The G-20's response to Europe's debt crisis "sorely lacks detail," according to Karen Ward, HSBC's global senior economist, adding that little has changed since European leaders forged a general plan to stem the crisis late last week.
Additionally, Greece's beleaguered Prime Minister George Papandreou faces a confidence vote on Friday after his plans to hold a national referendum on the country's much needed bailout ignited fury across the globe, and quashed credibility in his government.
The U.S. economy -- the world's biggest -- has also come into focus this week along with a slew of headlines from Europe. The economy added 80,000 jobs last month, pushing the unemployment rate down to 9%, according to a closely-watched report from the Labor Department. Economists had expected the economy to add 95,000 jobs,while the unemployment rate held steady at 9.1%. The private sector added 104,000 jobs, while the government shed 24,000.
There were also significant upward revisions to September's report. Indeed, according to a calculation by economists at BTIG, a global trading firm, the increase for prior months effectively pushes October's increase to 102,000, which is well above the consensus forecast.
The Federal Reserve has kept short term interest rates at historical lows, and crafted unconventional easing programs, in a bid to jumpstart hiring, but the labor market has remained weak since the financial crisis in 2008. Indeed, the jobless rate is only 10.1 percentage points lower than its recent 2009 peak, and well higher than levels that are considered to be the so-called "natural" level of unemployment.
On the corporate front, Groupon (GRPN) made its debut on the Nasdaq Stock Market on Friday.
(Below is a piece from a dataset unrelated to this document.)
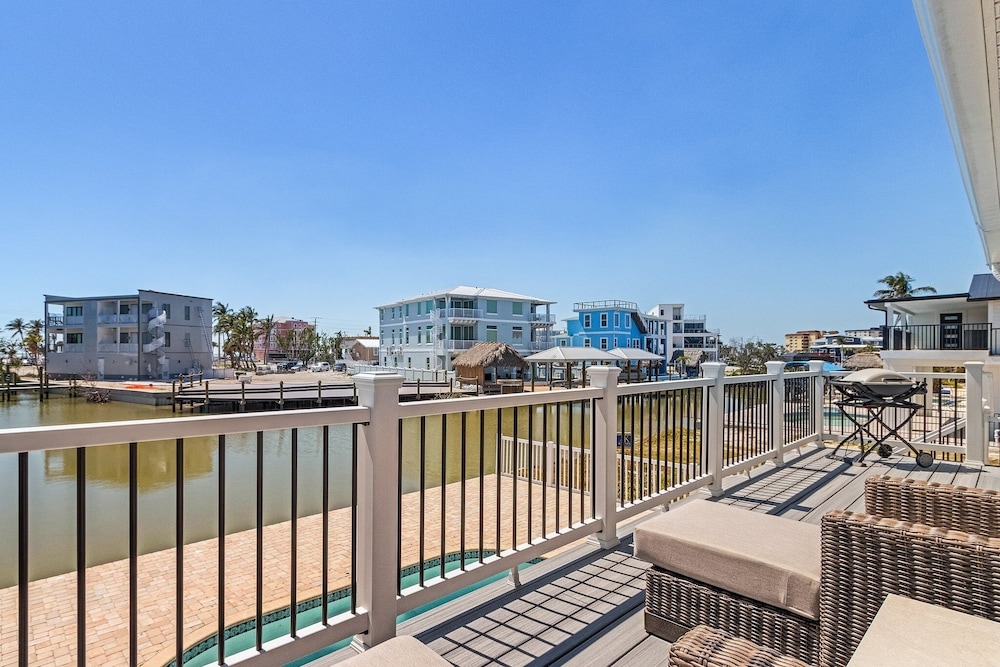 920 Bay Breeze Bungalow: Stunning Bay View Home W/ Heated Pool! 2 Bedroom Home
The local deals company saw its shares zoom as much as 50% higher.
The euro fell 0.17% to $1.378, while European blue chips dropped 2.5%. Yields on U.S. government debt fell as traders left equity markets. The 10-year Treasury note yields 2.052% from 2.079%.
Energy markets were higher in choppy trade. The benchmark American crude oil contract rose 19 cents, or 0.2%, to $94.26 a barrel. Wholesale RBOB gasoline gained 2 cents, or 0.82%, to $2.66 a gallon.
Gold fell $9.00, or 0.51%, to $1,756.
European blue chips dropped 2.5%, the English FTSE 100 fell 0.49% to 5,518 and the German DAX slid 2.8% to 5,964.
In Asia, the Japanese Nikkei 225 rallied 1.9% to 8,801 and the Chinese Hang Seng soared 3.1% to 19,843.